Alliant Energy plans to begin work this summer on three new solar energy projects that were recently approved by the state Public Service Commission.
The PSC had granted initial approval for these projects and three others in April, though the larger projects needed separate approval due to the size of their generating capacity. Now that all six projects have the final approval of the PSC, Alliant Energy says it’s moving ahead with the projects in Richland, Rock and Wood counties.
In total, the six approved projects will have capacity for 675 megawatts of solar, and the combined total cost for the projects is estimated at $887 million, a release from the PSC shows.
The company has also proposed six other solar energy projects in the state that are still going through the PSC’s review process. If all are approved and built, these 12 projects together will add around 1,100 megawatts of solar energy to Wisconsin’s energy grid. That’s enough to power around 300,000 homes, according to a release.
“It’s a historic day as we move from planning and preparing to constructing our large-scale solar projects,” said David de Leon, president of the Wisconsin Power and Light Company, which is Alliant Energy’s subsidiary in the state. “It’s a smart investment and creates a long-term, sustainable path for cleaner energy that supports our purpose-driven strategy of supporting customers and building strong communities.”
According to the U.S. Energy Information Administration, Wisconsin’s solar resources contributed about 4 percent of the state’s renewable net generation in 2020. About 60 percent of the solar power in the state was generated by small-scale solar facilities with less than one megawatt of capacity.
As of February 2021, the state had 25 utility-scale solar facilities with a combined capacity of 204 megawatts. That’s five times more than in February 2020. The EIA estimates the state will add 730 megawatts of additional solar capacity by the end of 2023.
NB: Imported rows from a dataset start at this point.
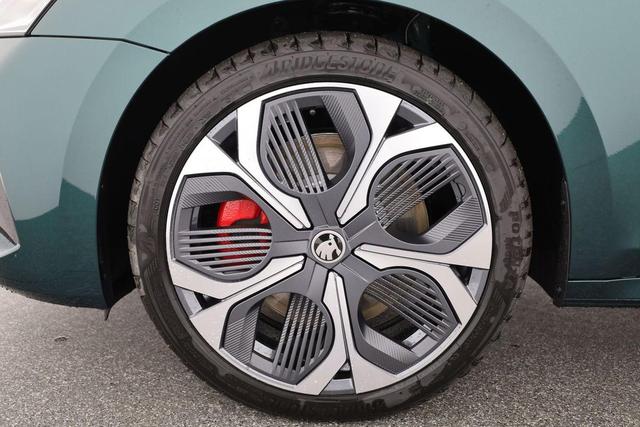 Skoda Octavia Combi RS 2.0 TSI DSG, Sonderlackierung, Pano, AHK, 19 Zoll, Canton, el. Klappe, Navi, Matrix, sofort 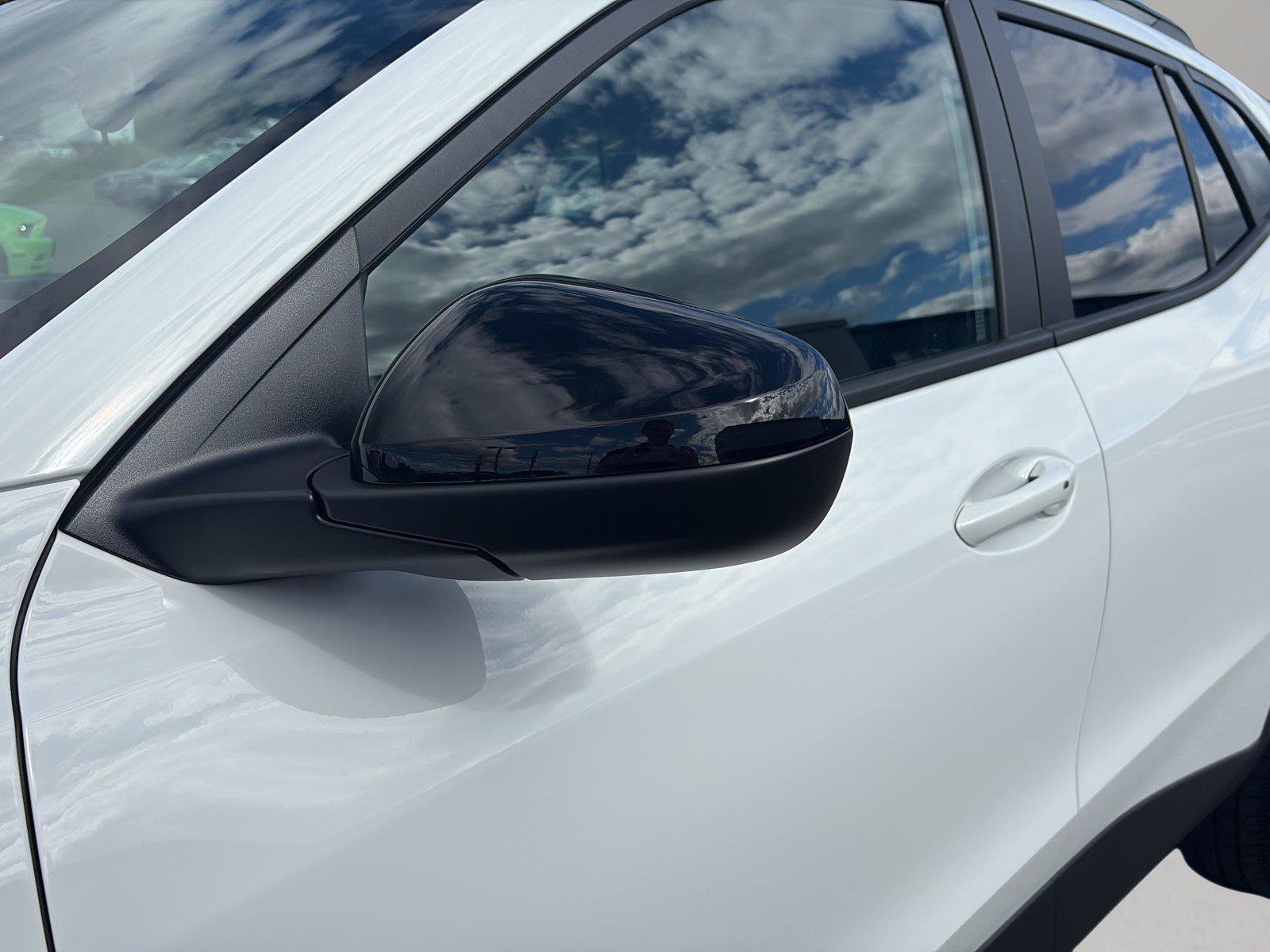 Used 2025 Chevrolet Trax RS FWD image 41
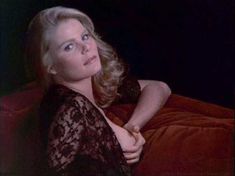 Мэриэл Хемингуэй снялась голой в фильме «Звезда Плейбоя» фото #17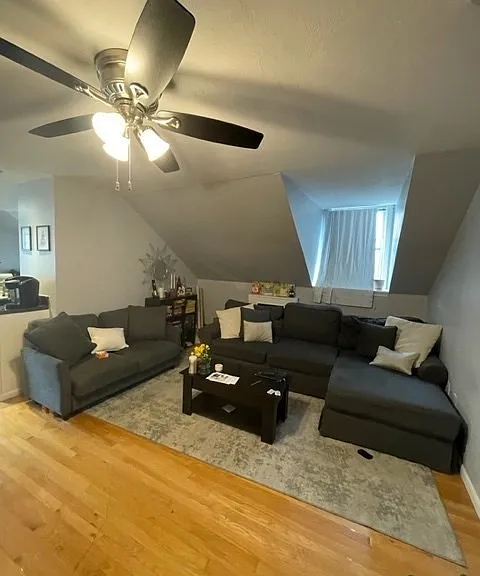 509 E Broadway #3 — Photo 6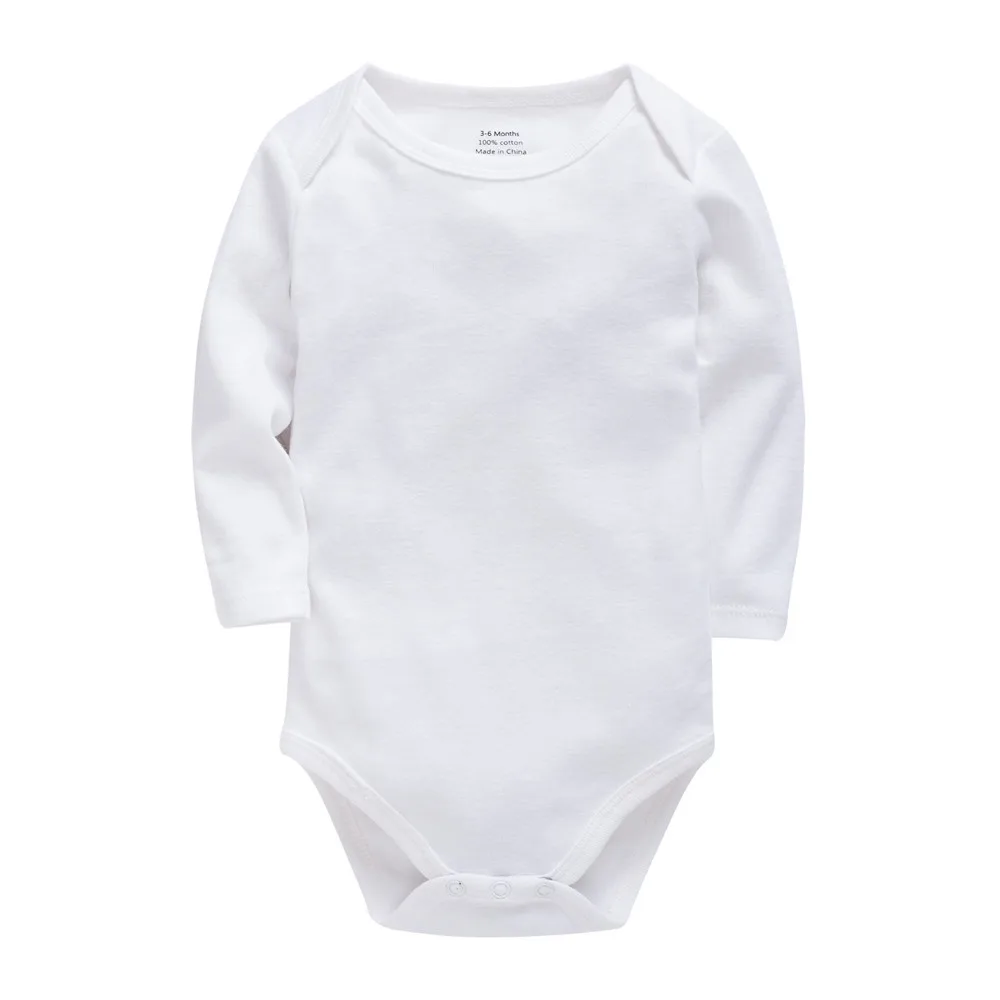 Bebé recién nacido con ropa de algodón Kavkas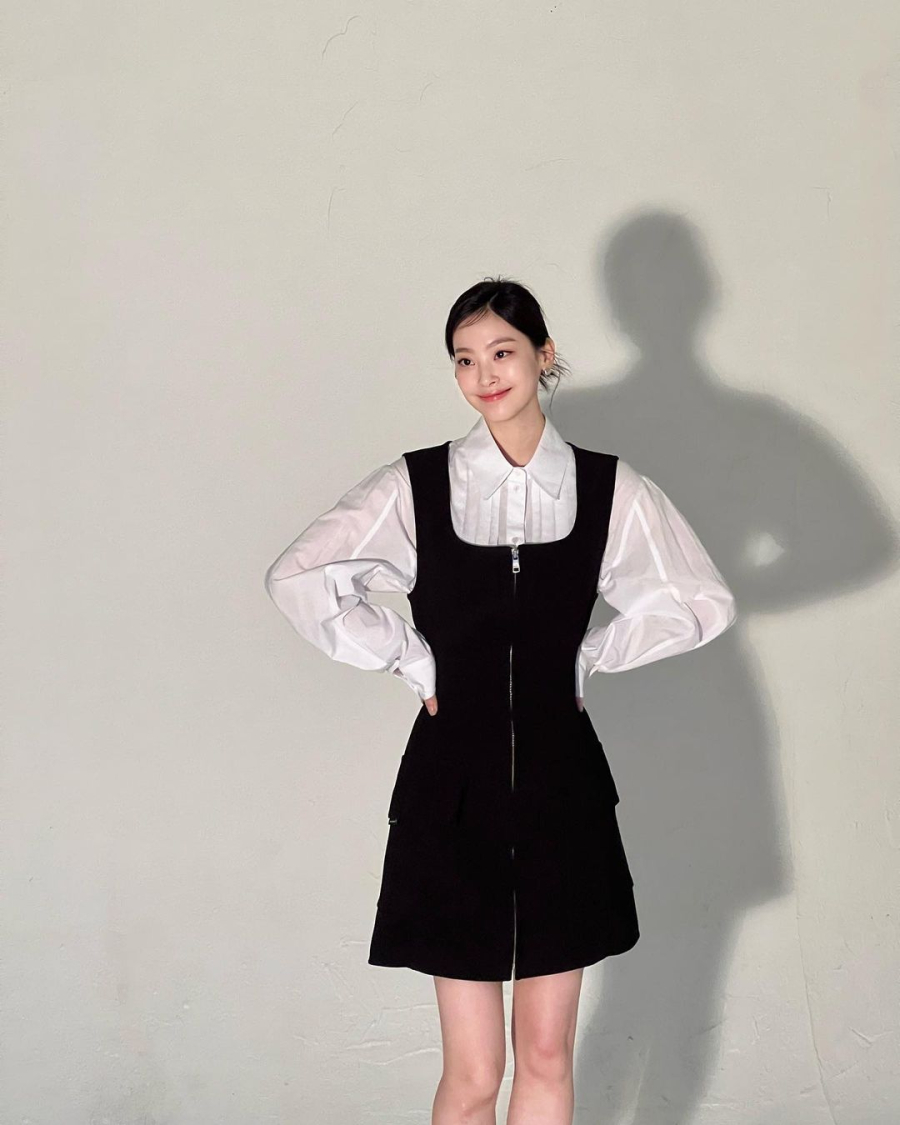 Còn ở các sự kiện, Hee Jin mặc sơ mi trắng trong váy jeans đen.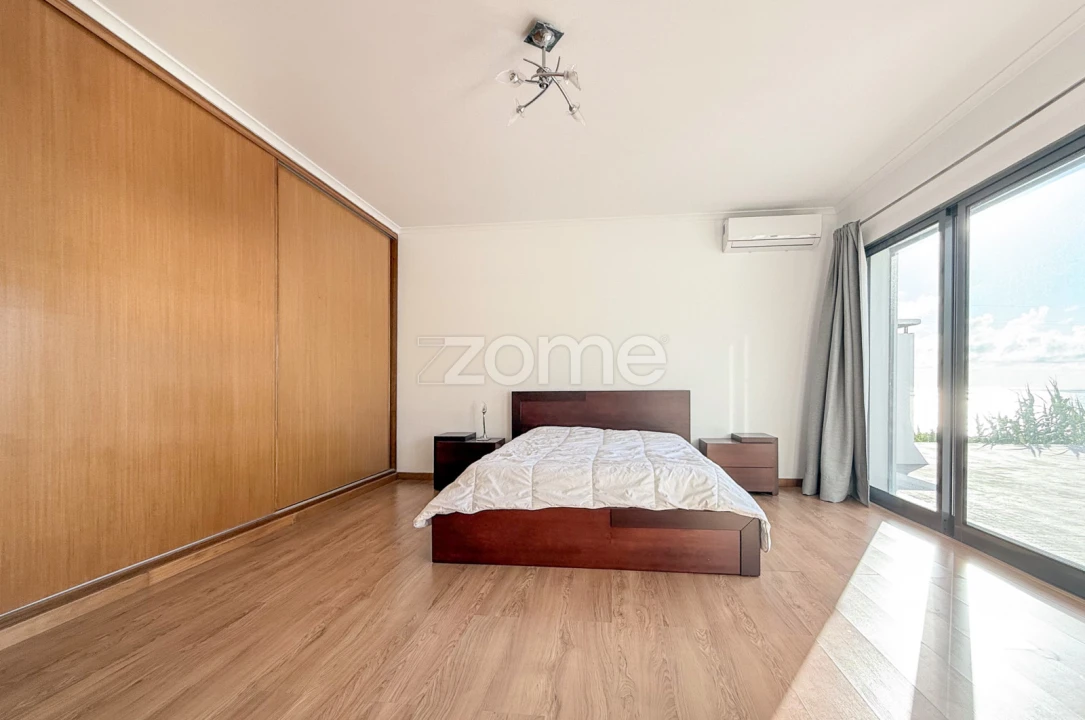 Moradia T5 para Venda em Ginetes Foto 26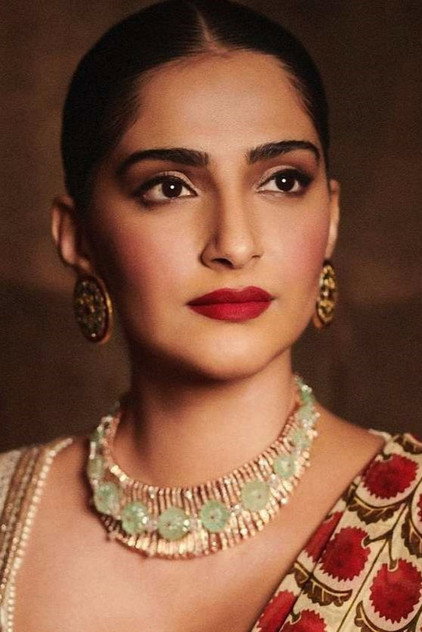 Sonam Kapoor Ahuja - 6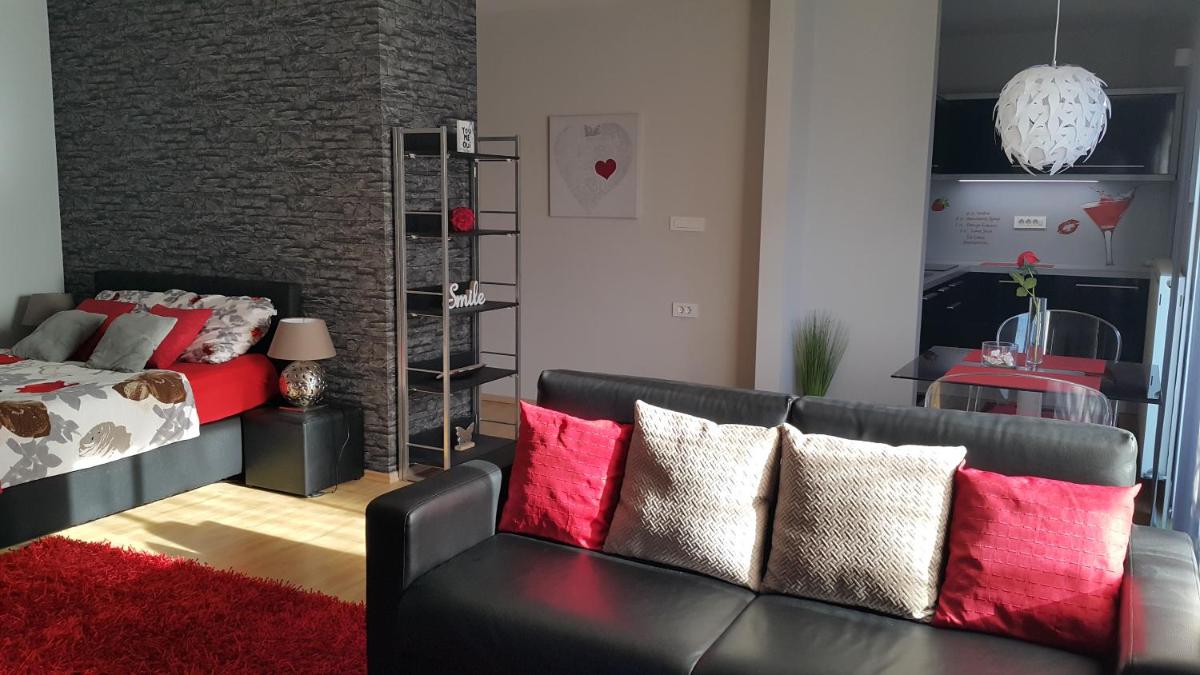 Apartment Rosy - Housity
Alliant says it’s contracting with Kansas City-based Burns & McDonnell for the three sites on which construction is beginning this summer.
The Bear Creek project in Richland County will have 50 megawatts of generating capacity and is expected to be completed by late 2022, the release shows. The North Rock project in Rock County is the same size and construction is projected to wrap up by summer 2023. Construction on the 150-megawatt Wood County Project is also expected to finish by late next year.
Construction on two of the other projects in Sheboygan and Jefferson counties will begin this fall, the release shows. And the final project in Grant County will begin construction in spring 2022.